## [The problem]
Copy the data exactly as it appears, and do not include any pictures.

## [Provided material]
====

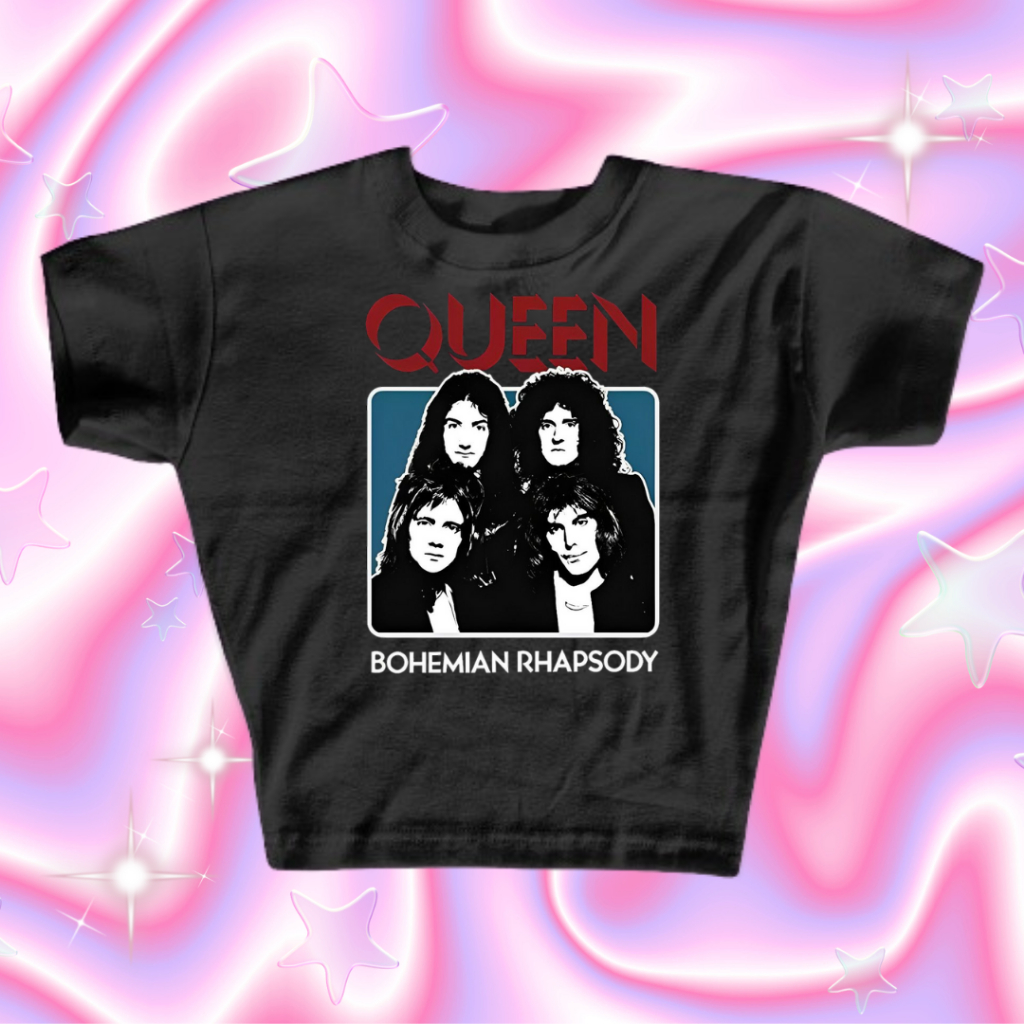 Croptop Band Queen "Bohemian Rhapsody" | Croptop Hitam Lengan Pendek | Croptop Lengan Pendek Korean 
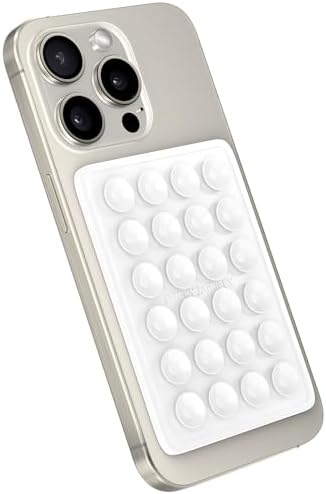 StickyGrippy Suction Phone Case Mount, Silicon Adhesive Phone Accessory for iPhone and Android, Hands-Free Fidget Toy Mirror Shower Phone Holder, Tiktok Videos and Selfies (White) by StickyGrippy
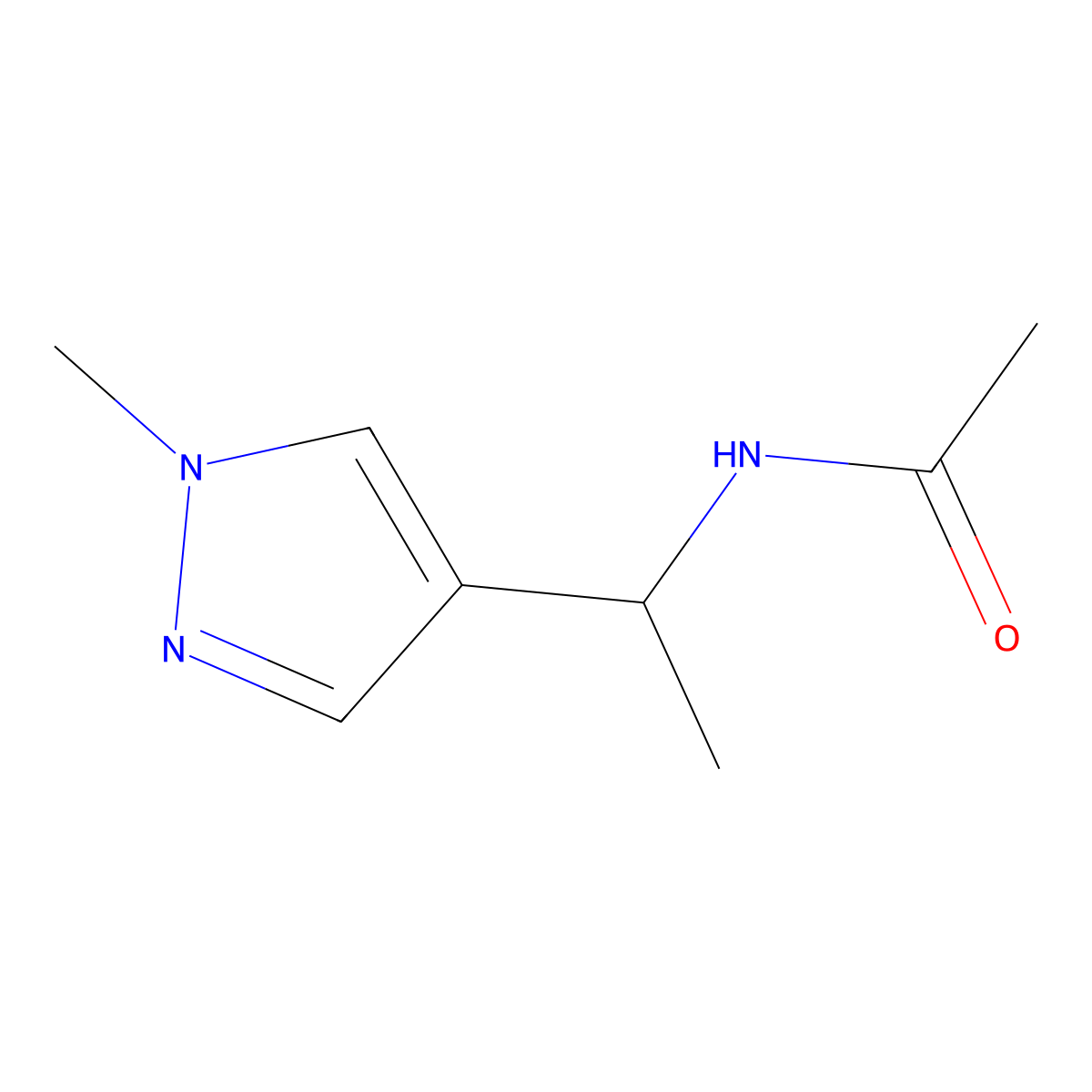N-(1-(1-Methyl-1H-pyrazol-4-yl)ethyl)acetamide molecular structure, CAS 1179401-23-0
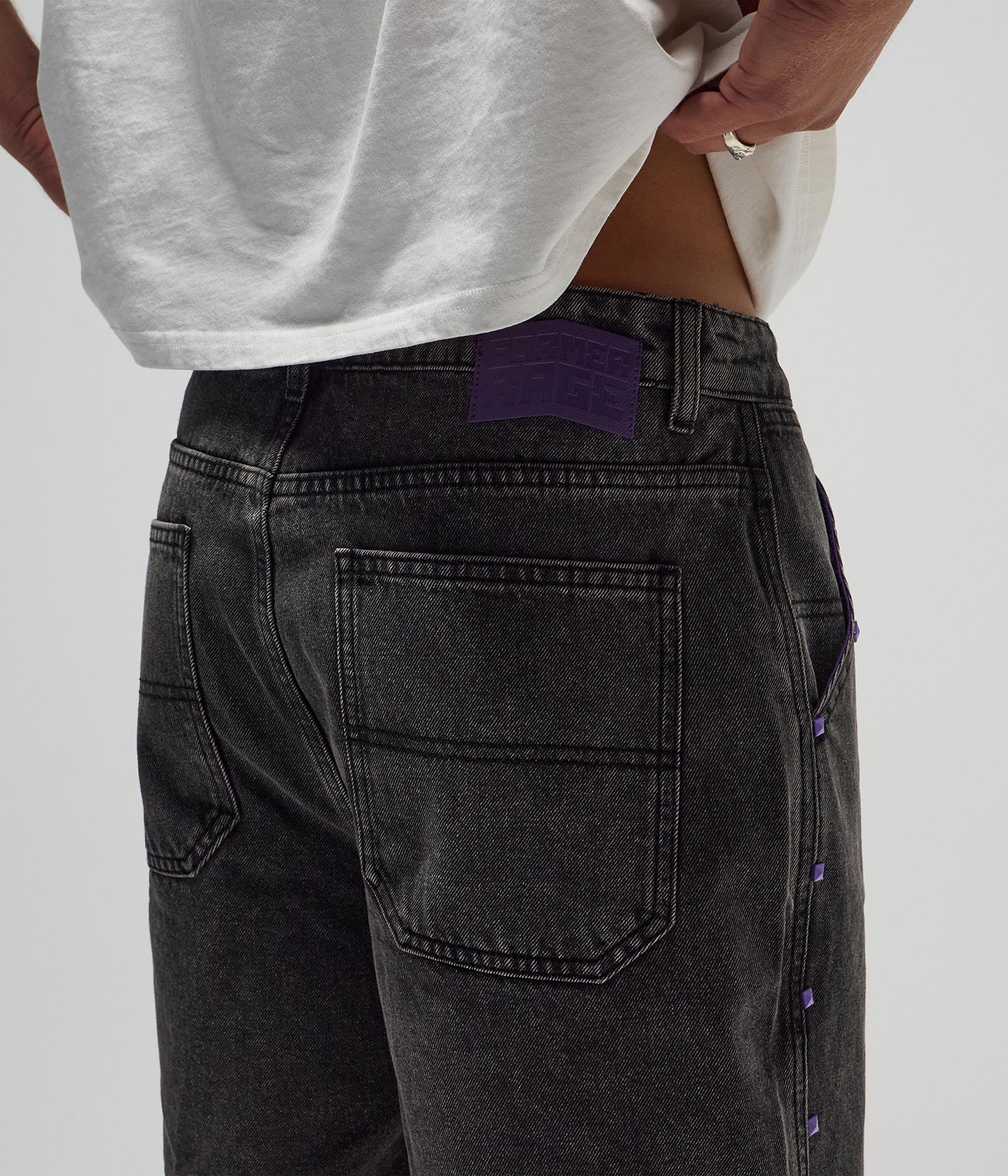 FORMER Studded Denim 21" Walkhshort in Washed Black - FORMER x RAGE Collection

====

## [Answer section]
 Croptop Band Queen "Bohemian Rhapsody" | Croptop Hitam Lengan Pendek | Croptop Lengan Pendek Korean 
 StickyGrippy Suction Phone Case Mount, Silicon Adhesive Phone Accessory for iPhone and Android, Hands-Free Fidget Toy Mirror Shower Phone Holder, Tiktok Videos and Selfies (White) by StickyGrippy
N-(1-(1-Methyl-1H-pyrazol-4-yl)ethyl)acetamide molecular structure, CAS 1179401-23-0
 FORMER Studded Denim 21" Walkhshort in Washed Black - FORMER x RAGE Collection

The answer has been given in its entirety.